Viernes, 27 de mayo de 2016 | Hoy
Por Rodolfo Rabanal
A pesar de todas nuestras ligerezas, a pesar de que vivimos una etapa cultural superficialmente hedonista y distraída, a pesar de nuestra estragada costumbre de hacernos selfies, será difícil que el tiempo borre esta anticelebración del 25 de mayo del año dos mil dieciséis. Y será difícil porque, como sostenía Borges, sólo el pasado conocemos y la memoria es una permanencia aún en el olvido.
Pero en este caso particular, si la Plaza de Mayo de la ciudad de Buenos Aires significa algo especial para los argentinos y tiene un sentido que supera el mero diseño urbano y el paseo, el gobierno de Macri este año la confiscó vallándola con un cerco policial fuertemente armado, para impedir –escandalosamente– la tradicional celebración popular de la fiesta patria. Además hizo “blindar” la Catedral para celebrar un Tedeum bajo custodia.

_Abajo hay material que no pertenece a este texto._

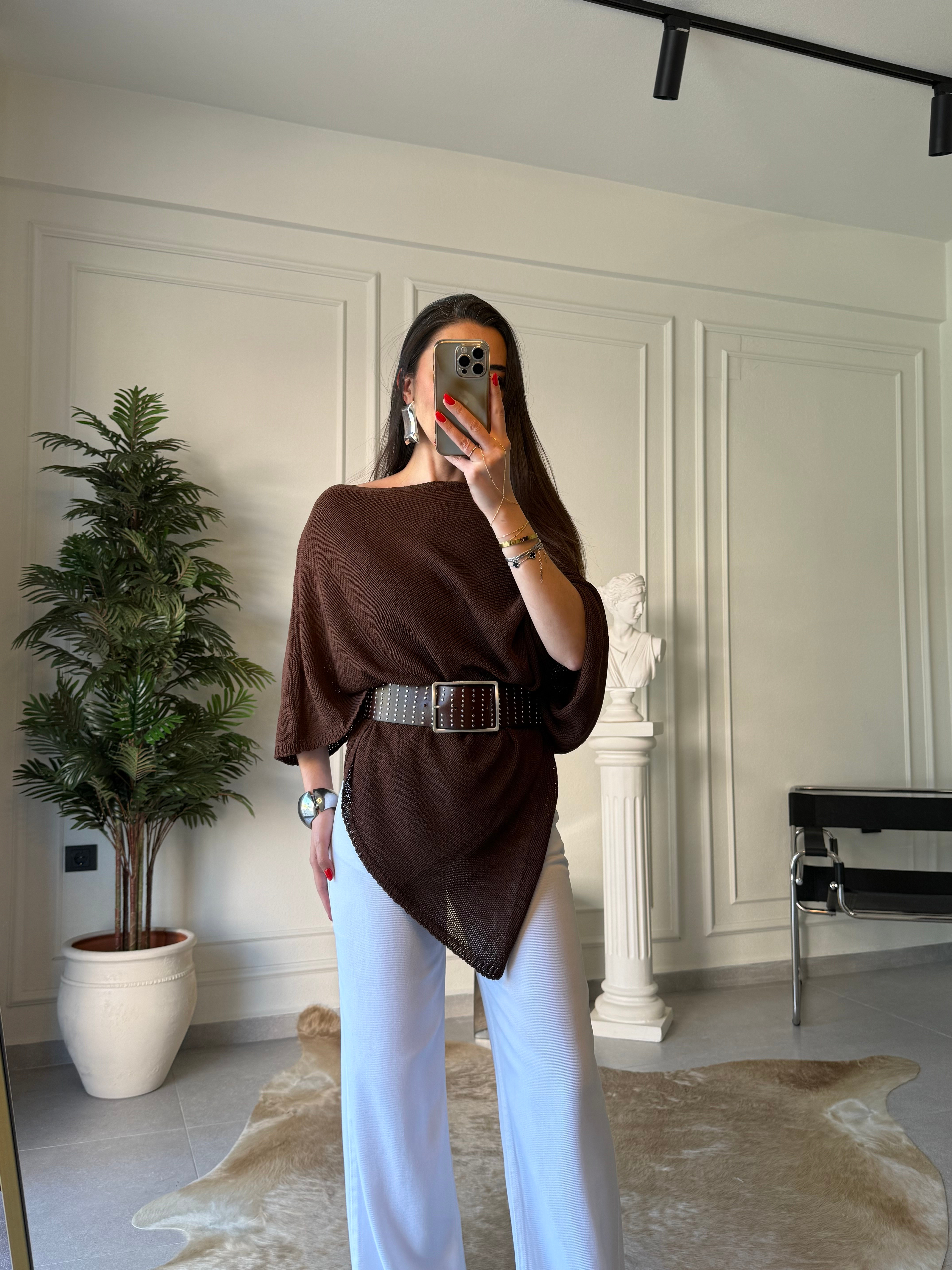 Acı Kahve Yazlık Triko Pelerin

Ante lo insólito de la decisión resulta ineludible preguntarse qué motivos pudieron haber dictado semejante procedimiento ¿Se temía un ataque terrorista? ¿Se palpitaba un rechazo proclamado a gritos por una multitud adversaria? ¿Unas pocas decenas de cooperativistas con reclamos al gobierno de la ciudad de Buenos Aires fueron la amenaza tan temida? ¿El gobierno le teme al pueblo?
Y sí, le teme al pueblo.
Además –y tal vez en primer lugar– ignorar que la Plaza de Mayo es el ágora espontáneo y el foro de los argentinos es, a primera vista, casi imposible, a menos que se viva de espaldas al propio país o se lo deteste, desde una perspectiva clasista, por la expresión de sus organizaciones colectivas.
Con esta medida, Macri se ajusta al modelo descripto. Con esta medida profundamente antipolítica y ajena al saber histórico que nos ha enseñado “desde siempre” que es en la Plaza de Mayo donde arranca nuestra historia, Macri y su gabinete se tornan ininteligibles como representantes dirigenciales de la Argentina y alcanzan, si se quiere, una dimensión incalificable.
El infortunio de la decisión se vuelve paradójica –pero altamente significativa– cuando nos enteramos que el cierre de la Plaza obligó (lo cual es patético) a que la banda militar del Regimiento de Patricios desfilara por la góndolas del Súper Jumbo, en Palermo, y frente a la cafetería Starbucks.
No se puede cerrar la Plaza de Mayo un 25 de Mayo, precisamente. No se lo puede hacer disponiendo policías armados hasta los dientes y un batallón de gendarmes cortando todos los accesos. El gesto adquiere, sin atenuantes de ninguna índole, la inequívoca naturaleza de una ofensa agresiva al sentimiento de la mayoría de los argentinos. Es, en el sentido estricto del término, una profanación.
Ni siquiera la derecha extrema que la bombardeó en el 55 dejó de ocuparla “festivamente” cuando cayó Perón. La Plaza de Mayo es el pulso de la Argentina y el 25 de mayo, que en ella “ocurrió”, es una voluntad de liberación que toda América Latina conoce. Es ahí –y ese día– donde empezó a fundarse la nación y su gesta de la independencia.
Por lo demás, suprimir una fiesta de este porte es aniquilar la historia para que imperen los momentos pasajeros, fugaces e inestables, los momentos que se disuelven en nada. La celebración –nos enseña H-G Gadamer– “es de tal modo que uno tiene primero que ir ahí para luego llegar y celebrar la fiesta”. Macri hizo que no fuera posible ir ahí.